6. De plus, aux termes de l'article 50 du même CCAG Travaux : " 50.1. Mémoire en réclamation : 50.1.1. Si un différend survient entre le titulaire et le maître d'œuvre, sous la forme de réserves faites à un ordre de service ou sous toute autre forme, ou entre le titulaire et le représentant du pouvoir adjudicateur, le titulaire rédige un mémoire en réclamation. / Dans son mémoire en réclamation, le titulaire expose les motifs de son différend, indique, le cas échéant, les montants de ses réclamations et fournit les justifications nécessaires correspondant à ces montants. Il transmet son mémoire au représentant du pouvoir adjudicateur et en adresse copie au maître d'œuvre. / Si la réclamation porte sur le décompte général du marché, ce mémoire est transmis dans le délai de trente jours à compter de la notification du décompte général. / Le mémoire reprend, sous peine de forclusion, les réclamations formulées antérieurement à la notification du décompte général et qui n'ont pas fait l'objet d'un règlement définitif. / 50.1.2. Après avis du maître d'œuvre, le représentant du pouvoir adjudicateur notifie au titulaire sa décision motivée dans un délai de trente jours à compter de la date de réception du mémoire en réclamation. / 50.1.3. L'absence de notification d'une décision dans ce délai équivaut à un rejet de la demande du titulaire. / 50.2. Lorsque le représentant du pouvoir adjudicateur n'a pas donné suite ou n'a pas donné une suite favorable à une demande du titulaire, le règlement définitif du différend relève des procédures fixées aux articles 50.3 à 50.6. / 50.3. Procédure contentieuse : / 50.3.1. A l'issue de la procédure décrite à l'article 50.1, si le titulaire saisit le tribunal administratif compétent, il ne peut porter devant cette juridiction que les chefs et motifs énoncés dans les mémoires en réclamation. / 50.3.2. Pour les réclamations auxquelles a donné lieu le décompte général du marché, le titulaire dispose d'un délai de six mois, à compter de la notification de la décision prise par le représentant du pouvoir adjudicateur en application de l'article 50.1.2, ou de la décision implicite de rejet conformément à l'article 50.1.3, pour porter ses réclamations devant le tribunal administratif compétent. / 50.3.3. Passé ce délai, il est considéré comme ayant accepté cette décision et toute réclamation est irrecevable. ".
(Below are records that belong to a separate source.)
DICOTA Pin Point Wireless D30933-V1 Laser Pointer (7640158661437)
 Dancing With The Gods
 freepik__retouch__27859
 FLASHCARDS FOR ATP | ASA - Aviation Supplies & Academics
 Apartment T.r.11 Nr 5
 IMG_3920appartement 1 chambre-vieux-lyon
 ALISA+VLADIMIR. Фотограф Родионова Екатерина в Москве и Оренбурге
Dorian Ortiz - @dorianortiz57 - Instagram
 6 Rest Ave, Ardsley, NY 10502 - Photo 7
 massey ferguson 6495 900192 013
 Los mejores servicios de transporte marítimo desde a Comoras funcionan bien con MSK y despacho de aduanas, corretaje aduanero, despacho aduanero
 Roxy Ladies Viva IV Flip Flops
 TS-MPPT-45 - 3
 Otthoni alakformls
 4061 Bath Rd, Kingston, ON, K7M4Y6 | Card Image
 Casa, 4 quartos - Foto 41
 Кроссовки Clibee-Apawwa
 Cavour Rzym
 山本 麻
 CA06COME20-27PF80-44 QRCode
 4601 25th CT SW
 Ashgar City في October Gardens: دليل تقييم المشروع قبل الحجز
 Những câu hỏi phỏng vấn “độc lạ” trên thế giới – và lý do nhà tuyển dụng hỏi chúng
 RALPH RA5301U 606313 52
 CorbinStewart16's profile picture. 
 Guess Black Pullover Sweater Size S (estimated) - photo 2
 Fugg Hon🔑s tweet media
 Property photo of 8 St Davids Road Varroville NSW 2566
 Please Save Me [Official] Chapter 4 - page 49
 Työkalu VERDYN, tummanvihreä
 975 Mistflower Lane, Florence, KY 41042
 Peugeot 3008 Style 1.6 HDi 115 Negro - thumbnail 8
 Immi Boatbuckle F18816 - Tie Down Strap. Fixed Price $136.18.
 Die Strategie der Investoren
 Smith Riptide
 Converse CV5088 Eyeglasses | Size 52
7. S'il est possible au maître de l'ouvrage d'opérer une compensation entre les soldes de marchés distincts, c'est à la condition que les créances correspondantes soient certaines et exigibles. En l'espèce, pour procéder au recouvrement par compensation de la somme de 8 750 euros sur la facturation d'un autre chantier signé le 19 septembre 2019 avec la société Nagla peinture, la commune des Ulis a transmis au comptable public le titre de recette n°2105 du 30 juillet 2020, un certificat administratif signé le 29 juin 2020 par la maire de la commune et qui atteste que la société Nagla peinture doit se voir appliquer 35 jours de pénalités de retard à raison de 250 euros par jour, soit une somme de 8 750 euros, ainsi qu'un décompte général notifié à la société Nagla peinture le 24 septembre 2020 et établissant que cette dernière doit se voir appliquer des pénalités à hauteur de 8 750 euros. Si ce décompte général a été contesté par la société Nagla peinture par un courrier du 5 octobre 2020 adressé au maître d'œuvre et transmis au maître de l'ouvrage le 7 octobre 2020, il résulte de l'instruction que le maître de l'ouvrage a, par un courrier du 26 octobre 2020, transmis le jour même à la société Nagla, opposé un refus à sa réclamation et il n'est ni établi ni même allégué que cette décision de refus du 26 octobre 2020 aurait fait l'objet d'un recours qui aurait eu pour effet de priver le décompte général d'un caractère définitif. Par suite, le moyen tiré de ce que le comptable n'était pas fondé à procéder à la compensation légale dès lors que la créance litigieuse ne serait pas certaine, exigible et liquide doit être écarté, sans qu'il soit besoin de statuer sur la mise hors de cause du comptable public.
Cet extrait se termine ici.